START Supplied entries

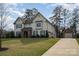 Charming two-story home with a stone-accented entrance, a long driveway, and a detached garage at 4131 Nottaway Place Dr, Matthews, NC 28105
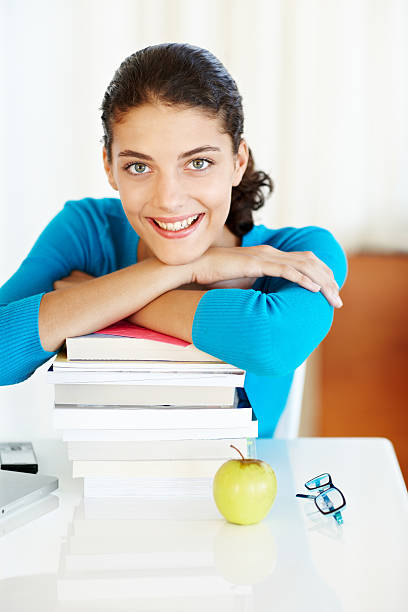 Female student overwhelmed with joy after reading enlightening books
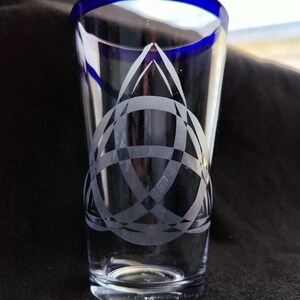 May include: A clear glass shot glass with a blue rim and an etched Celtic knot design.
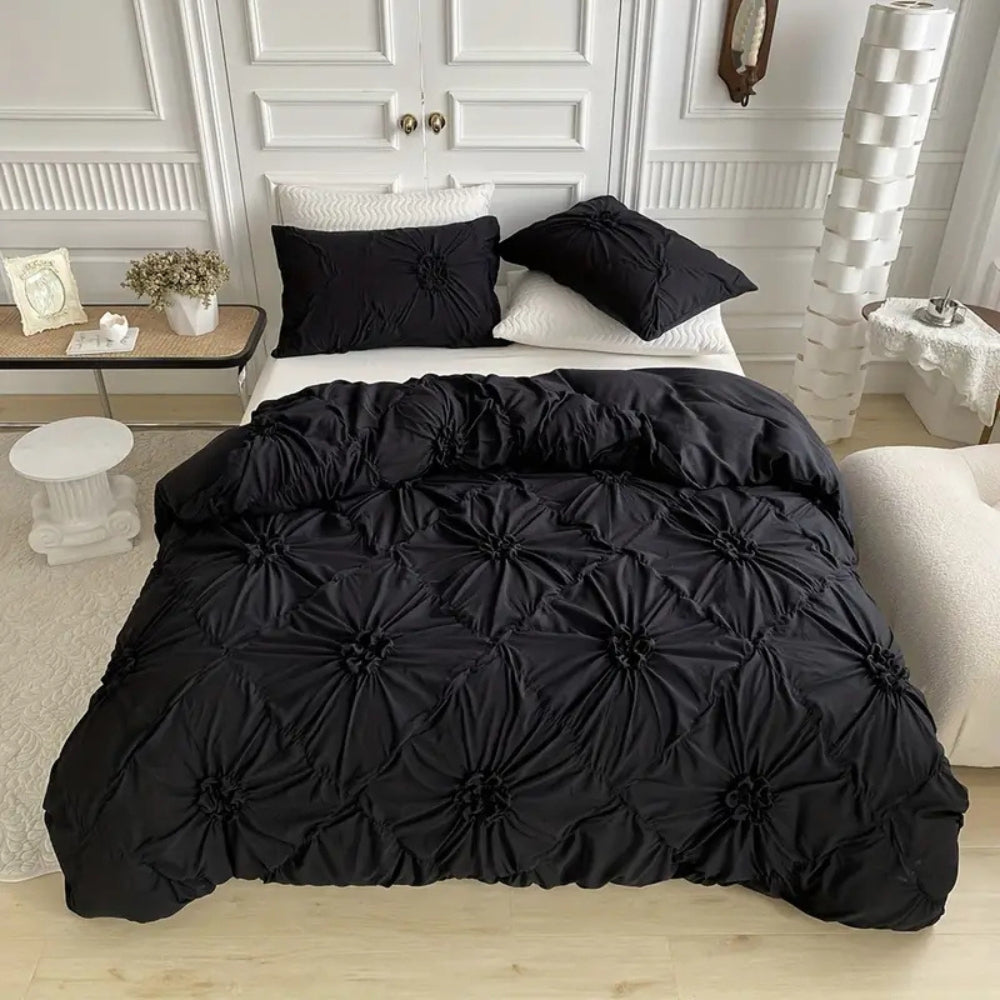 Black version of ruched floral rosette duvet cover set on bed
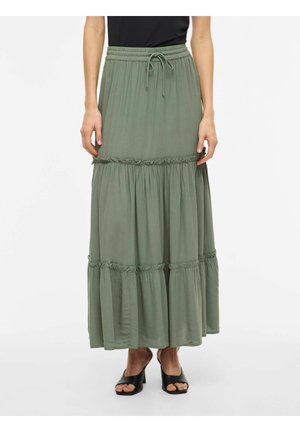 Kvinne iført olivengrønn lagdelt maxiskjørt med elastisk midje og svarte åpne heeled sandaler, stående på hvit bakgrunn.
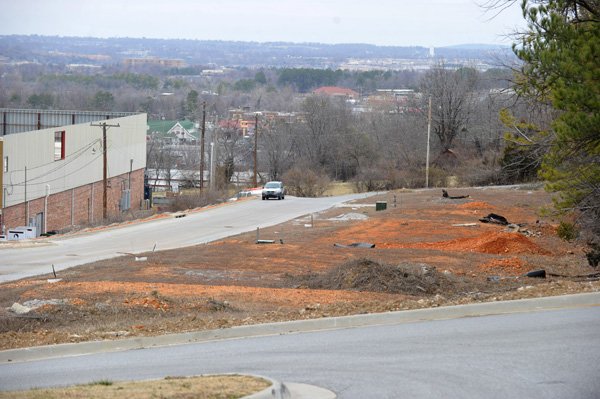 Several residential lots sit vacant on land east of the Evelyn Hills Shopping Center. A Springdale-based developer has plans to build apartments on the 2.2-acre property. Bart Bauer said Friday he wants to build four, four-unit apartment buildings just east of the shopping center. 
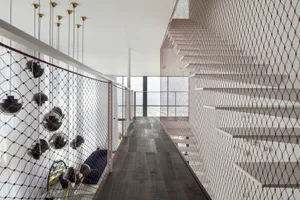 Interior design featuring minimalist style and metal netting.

END Supplied entries

With the pictures omitted, print the lines above exactly, beginning at the line with "Black version of" and going on through the line with "Kvinne iført olivengrønn".

» Answer box
 Black version of ruched floral rosette duvet cover set on bed
 Kvinne iført olivengrønn lagdelt maxiskjørt med elastisk midje og svarte åpne heeled sandaler, stående på hvit bakgrunn.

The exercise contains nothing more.